Error logs are one tool for analyzing performance. Any time an error makes it past code review, document the error in a running tracker and note the plan for remedying the error. The errors can be analytic (e.g. 2 + 2 = 5
) or process (e.g. “we started too late on data collection and missed our deadline).
11.1.3 Blameless Postmortem
Incident postmortems are common in data engineering:
An incident postmortem brings people together to discuss the details of an incident: why it happened, its impact, what actions were taken to mitigate it and resolve it, and what should be done to prevent it from happening again. ~ Atlassian
A blameless postmortem approaches the incident postmortem without any cynicism or hidden agendas:
In a blameless postmortem, it’s assumed that every team and employee acted with the best intentions based on the information they had at the time.

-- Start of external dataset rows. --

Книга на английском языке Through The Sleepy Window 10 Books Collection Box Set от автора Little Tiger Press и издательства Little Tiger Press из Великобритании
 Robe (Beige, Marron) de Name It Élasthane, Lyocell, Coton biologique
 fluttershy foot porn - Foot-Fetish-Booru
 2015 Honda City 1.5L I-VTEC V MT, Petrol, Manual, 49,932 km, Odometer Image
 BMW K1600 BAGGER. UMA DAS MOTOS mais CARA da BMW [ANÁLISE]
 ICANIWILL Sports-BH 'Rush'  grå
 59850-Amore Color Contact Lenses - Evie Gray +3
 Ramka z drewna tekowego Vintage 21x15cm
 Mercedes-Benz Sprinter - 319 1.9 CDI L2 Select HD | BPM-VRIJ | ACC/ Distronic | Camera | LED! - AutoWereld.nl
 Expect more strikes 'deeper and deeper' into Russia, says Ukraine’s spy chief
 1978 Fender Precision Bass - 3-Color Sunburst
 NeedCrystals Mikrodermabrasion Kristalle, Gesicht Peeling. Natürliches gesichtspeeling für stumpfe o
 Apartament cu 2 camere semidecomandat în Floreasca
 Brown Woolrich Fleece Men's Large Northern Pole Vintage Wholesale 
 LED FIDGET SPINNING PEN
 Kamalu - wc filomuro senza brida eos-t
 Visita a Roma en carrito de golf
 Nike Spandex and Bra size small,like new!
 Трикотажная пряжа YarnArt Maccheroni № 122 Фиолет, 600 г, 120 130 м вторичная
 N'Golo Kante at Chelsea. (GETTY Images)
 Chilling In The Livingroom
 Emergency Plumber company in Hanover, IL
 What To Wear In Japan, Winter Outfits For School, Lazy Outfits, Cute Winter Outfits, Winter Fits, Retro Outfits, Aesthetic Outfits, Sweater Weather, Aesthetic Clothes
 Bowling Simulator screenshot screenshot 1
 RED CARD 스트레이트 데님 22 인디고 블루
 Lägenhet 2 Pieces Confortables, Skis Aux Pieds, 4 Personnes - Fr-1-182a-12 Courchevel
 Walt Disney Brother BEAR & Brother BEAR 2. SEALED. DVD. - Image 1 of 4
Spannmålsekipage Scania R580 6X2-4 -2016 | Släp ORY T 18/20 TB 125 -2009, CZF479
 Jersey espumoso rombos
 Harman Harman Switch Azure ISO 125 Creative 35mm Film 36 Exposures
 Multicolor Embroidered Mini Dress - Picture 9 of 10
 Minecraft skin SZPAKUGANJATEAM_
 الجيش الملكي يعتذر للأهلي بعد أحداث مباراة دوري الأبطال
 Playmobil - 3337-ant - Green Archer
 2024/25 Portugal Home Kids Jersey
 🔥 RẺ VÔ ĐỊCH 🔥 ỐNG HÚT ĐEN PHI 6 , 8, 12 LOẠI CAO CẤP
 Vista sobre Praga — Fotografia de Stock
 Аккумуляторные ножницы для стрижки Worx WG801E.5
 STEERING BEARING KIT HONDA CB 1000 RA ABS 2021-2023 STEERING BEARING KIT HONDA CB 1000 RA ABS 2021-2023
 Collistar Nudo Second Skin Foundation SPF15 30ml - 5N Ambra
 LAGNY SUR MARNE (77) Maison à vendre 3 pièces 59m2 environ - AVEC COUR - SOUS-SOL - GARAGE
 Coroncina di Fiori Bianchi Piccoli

Instead of identifying—and punishing—whoever screwed up, blameless postmortems focus on improving performance moving forward. ~ Atlassian
The term “incident postmortem” hides some of the value of this approach.
- We don’t need an incident to host this type of discussion.
- This type of meeting need not be post-data analysis.
Holding regular meetings where it is assumed that everyone acted with good intentions to analyze performance, identify areas for improvement, and make incremental changes will improve collaboration and strengthen data analyses.
11.2 Ethics
We could go talk for eight more hours about the ethics of statistics and data science.
The social sciences are in a multi-decade transformation motivated by a series of major issues:
- Multiple testing
- Hypothesizing After Results are Known (HARKing)
- p-hacking
- Publication bias
Transparency and reproducibility help with some of these issues. Adopting version control at the beginning can help too. Pre-registration is a final tool that can help (Nosek et al. 2018).
Pre-registration is the process of submitting a pre-analysis plan. This differentiates hypothesis generation and hypothesis testing, which is necessary because the same data cannot be used to generate and test a hypothesis.